══ The records

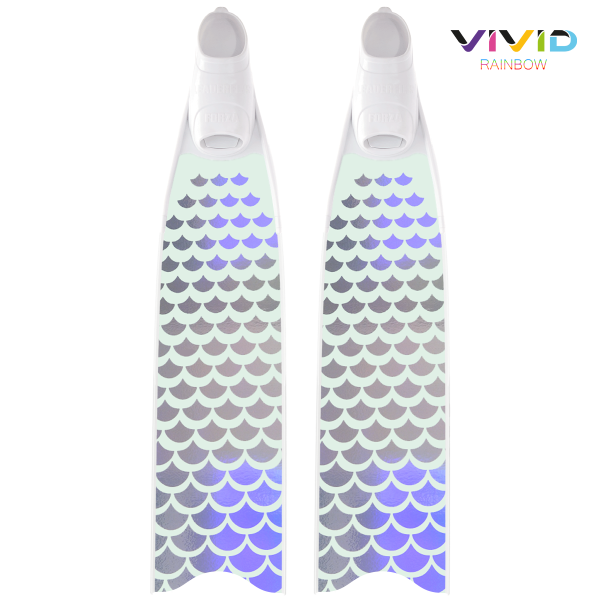 Ice Rainbow Mermaid Bi-Fins 2024-Ice-rainbow-Mermaid-Bi-fins €165.00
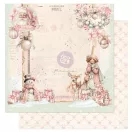 Prima Marketing Christmas Blush scrapbook papírtömb 6" (15,2 cm) – 32 lap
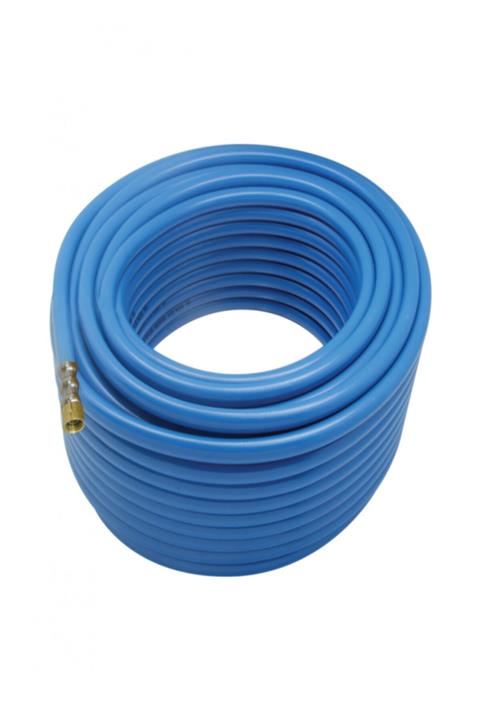 Cegel Ziraat 100 Metre Mavi Ilaçlama Makinesi Hortumu 8mm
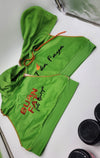 Tika Faya Crop Top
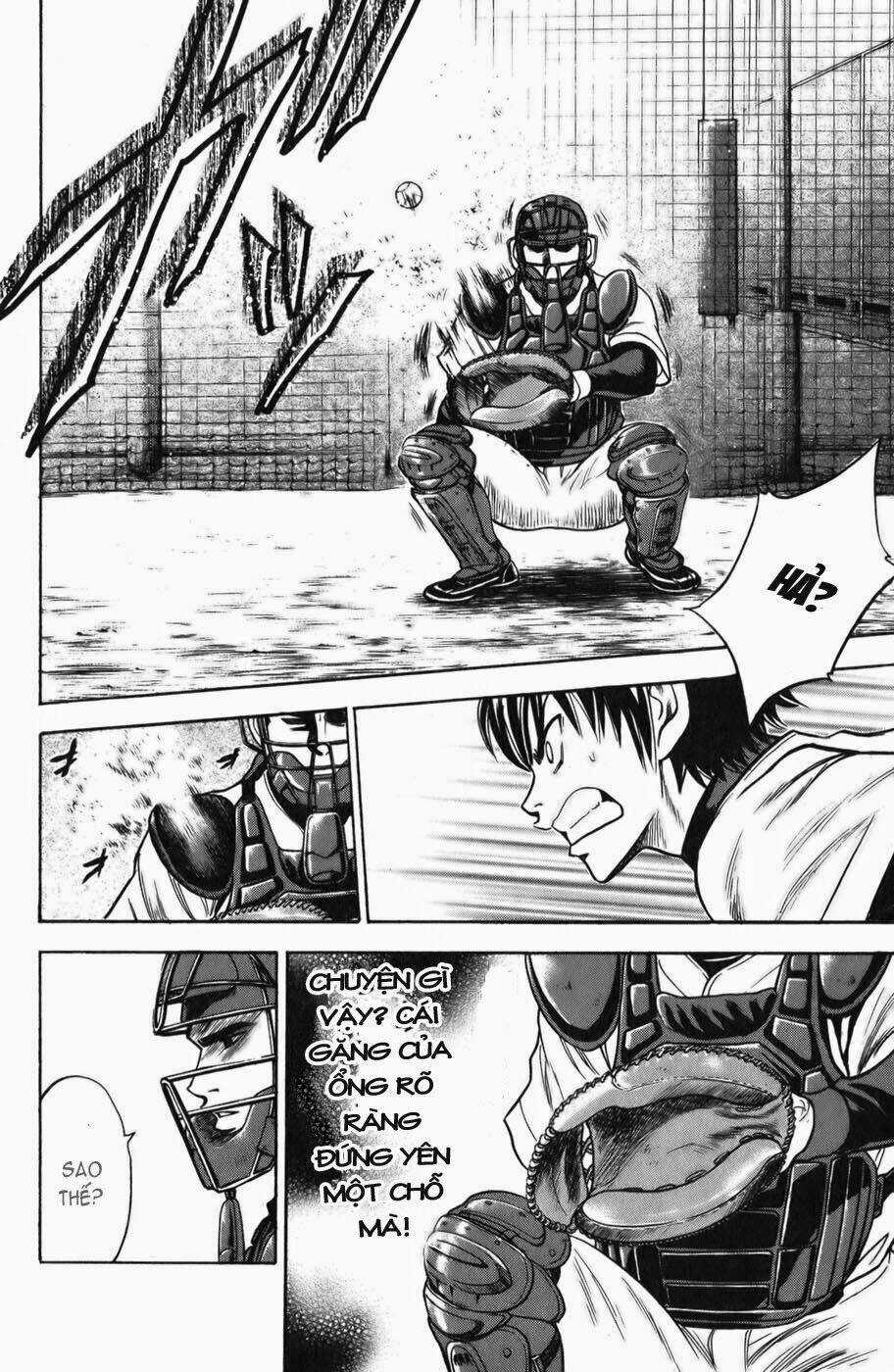 Đội Bóng Chày Siêu Đẳng Chapter 19 trang 8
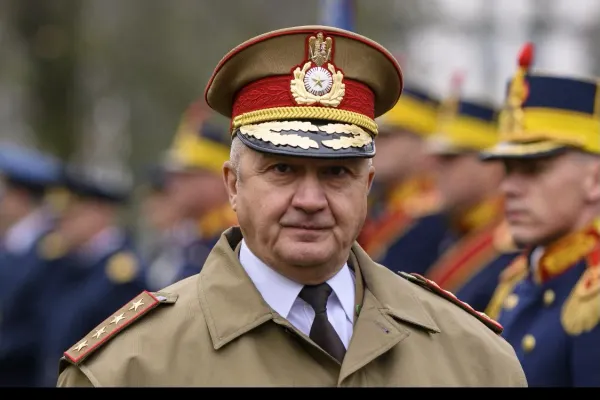 Când șeful Armatei este el însuși suspect: comunicatul pentru generalul Crețu și întrebarea pe care Gheorghiță Vlad nu o mai poate evita. Opinie realitatea.net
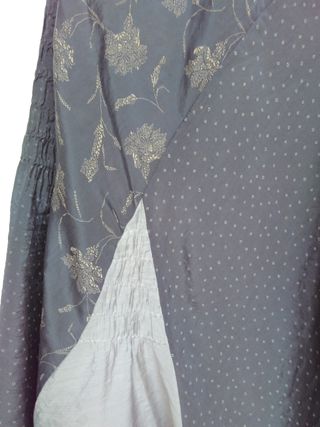 Conjunto Top y Falda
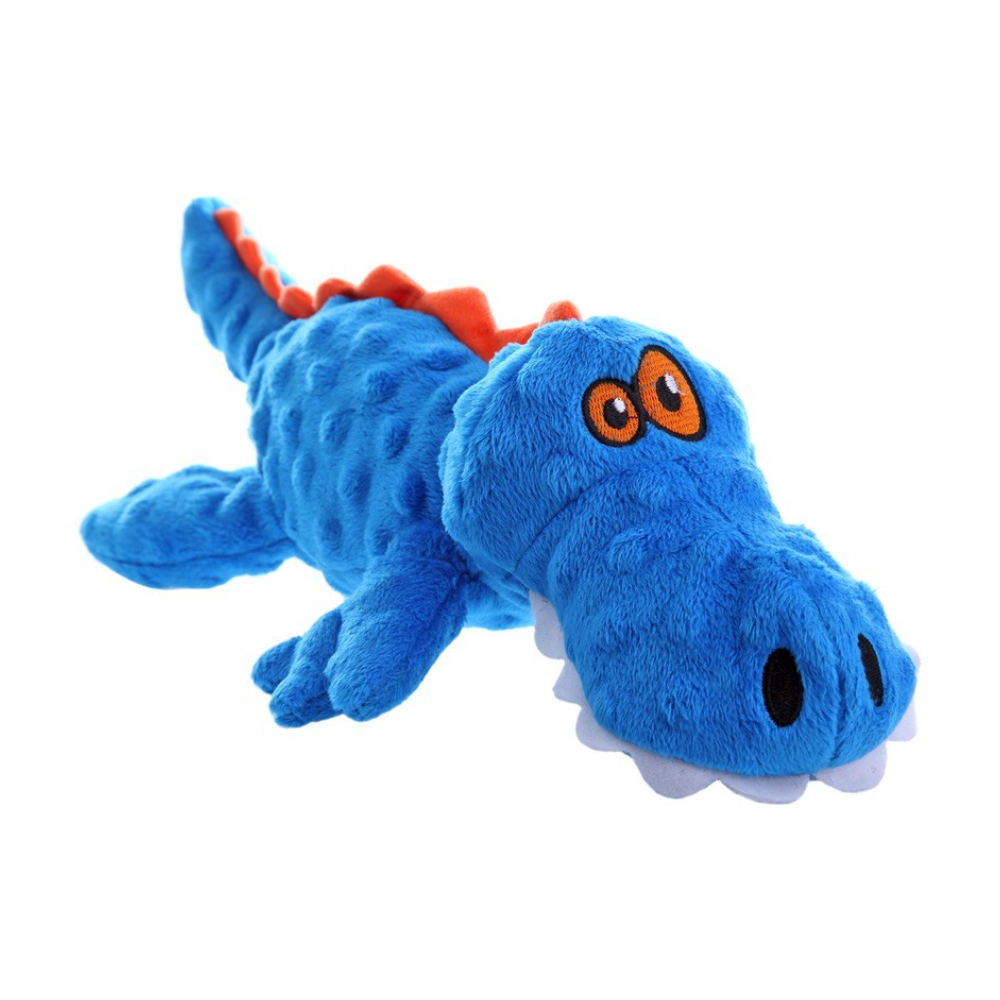 goDog Gator Dog Toy - Just For Me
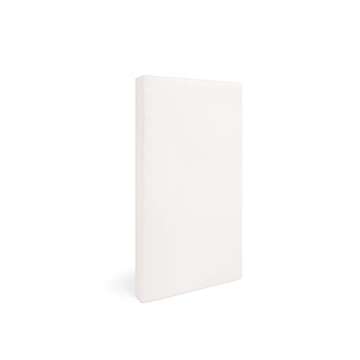 Graco Premium Crib Mattress & Protector Bundle - Safe & Comfortable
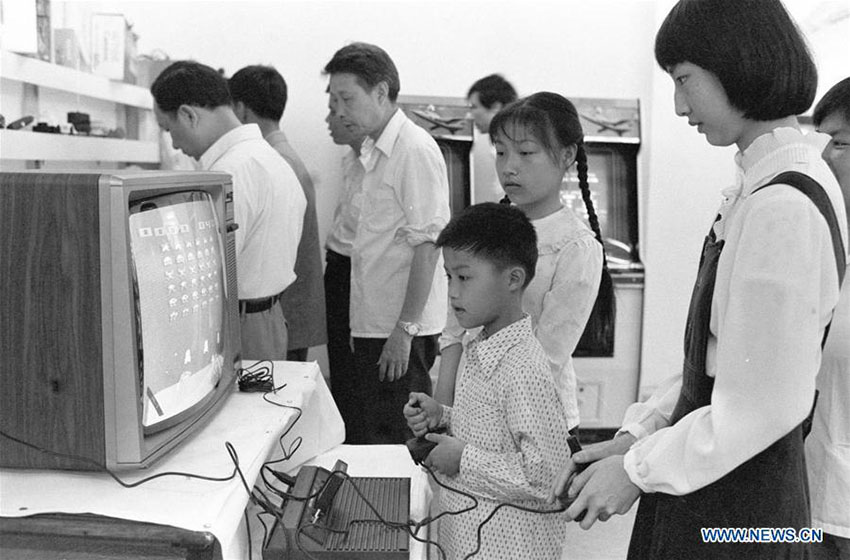 Dia Internacional das Crian?as na China: Passado e presente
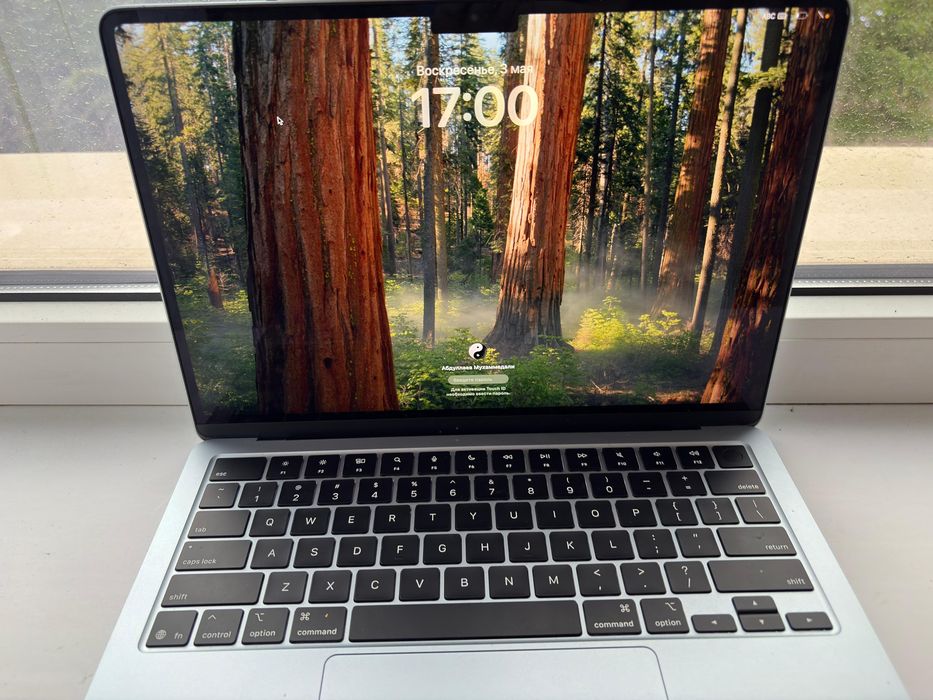 macbook m4 , новый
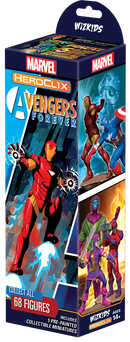 Heroclix: Marvel Heroclix Avengers Forever Booster Pack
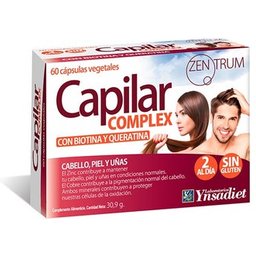 Ynsadiet Capilar Complex 60caps
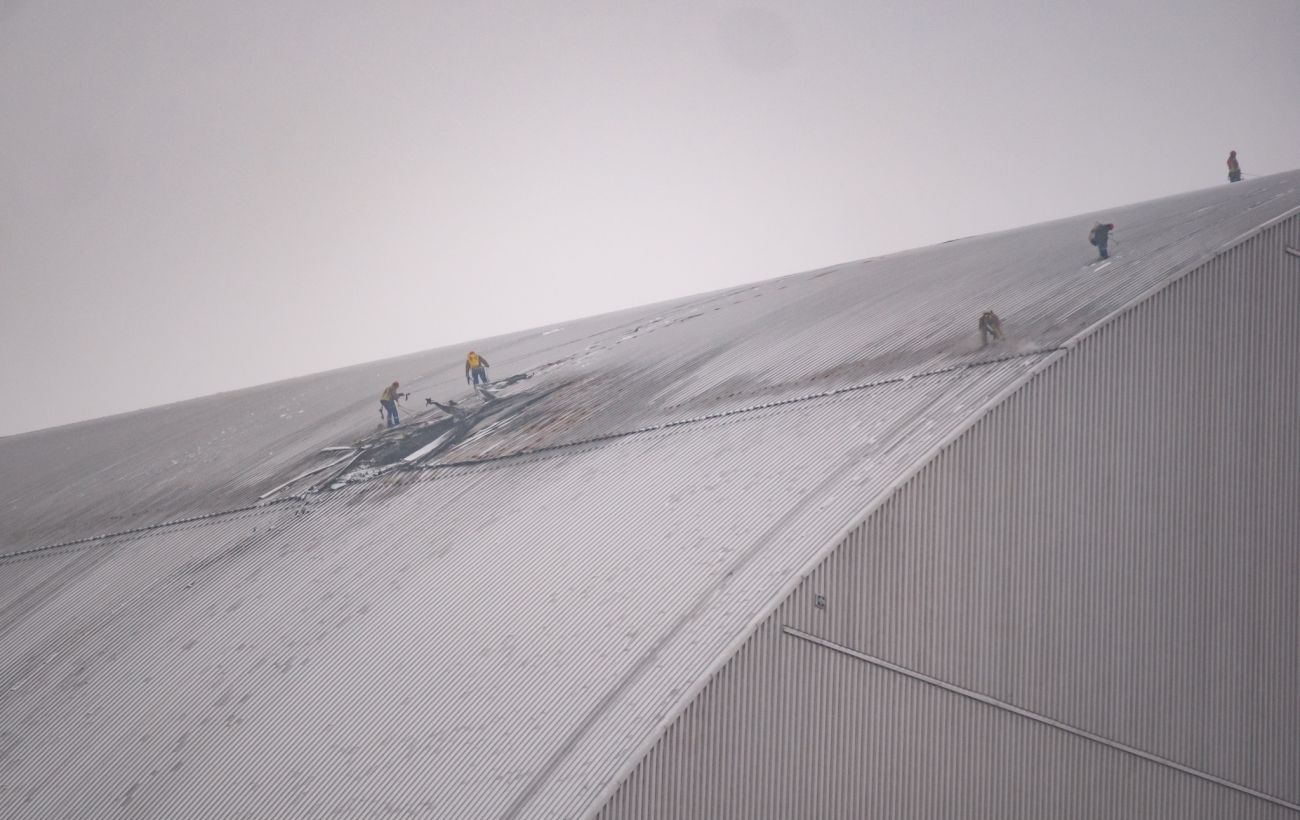 МАГАТЕ посилює контроль над ЧАЕС після пошкодження саркофагу "Шахедом"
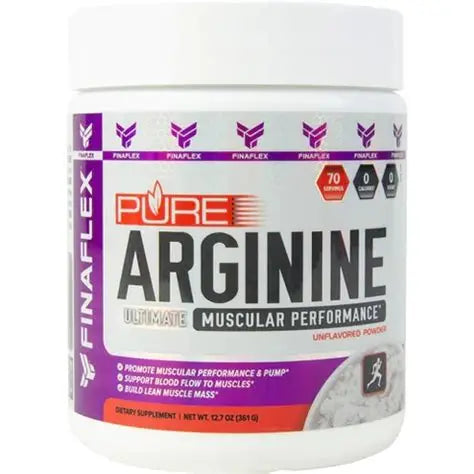 Pure  Arginine  70s unflavored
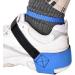 Anti Static Ankle Heel Strap Adjustable Foot Grounder Remove Static Reusable Foot Heel Strap Perfect for Grounding Lightning Protection/Anti-Static Equipment - Buy Online on SooperMarket.com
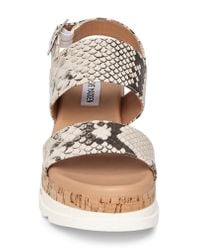 steve madden brenda wedge
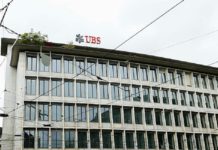UBS-Hauptsitz in Zürich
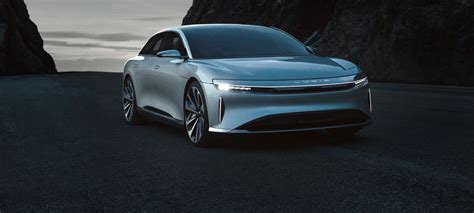 Lucid Motors Announces Aggressive 60000 Base Price For Its Luxury All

════

### Assigned task
Would you copy each line above exactly as given, dropping any images?

### Written solution
 Ice Rainbow Mermaid Bi-Fins 2024-Ice-rainbow-Mermaid-Bi-fins €165.00
 Prima Marketing Christmas Blush scrapbook papírtömb 6" (15,2 cm) – 32 lap
 Cegel Ziraat 100 Metre Mavi Ilaçlama Makinesi Hortumu 8mm
 Tika Faya Crop Top
 Đội Bóng Chày Siêu Đẳng Chapter 19 trang 8
 Când șeful Armatei este el însuși suspect: comunicatul pentru generalul Crețu și întrebarea pe care Gheorghiță Vlad nu o mai poate evita. Opinie realitatea.net
 Conjunto Top y Falda
 goDog Gator Dog Toy - Just For Me
 Graco Premium Crib Mattress & Protector Bundle - Safe & Comfortable
 Dia Internacional das Crian?as na China: Passado e presente
 macbook m4 , новый
 Heroclix: Marvel Heroclix Avengers Forever Booster Pack
 Ynsadiet Capilar Complex 60caps
 МАГАТЕ посилює контроль над ЧАЕС після пошкодження саркофагу "Шахедом"
 Pure  Arginine  70s unflavored
 Anti Static Ankle Heel Strap Adjustable Foot Grounder Remove Static Reusable Foot Heel Strap Perfect for Grounding Lightning Protection/Anti-Static Equipment - Buy Online on SooperMarket.com
 steve madden brenda wedge
UBS-Hauptsitz in Zürich
 Lucid Motors Announces Aggressive 60000 Base Price For Its Luxury All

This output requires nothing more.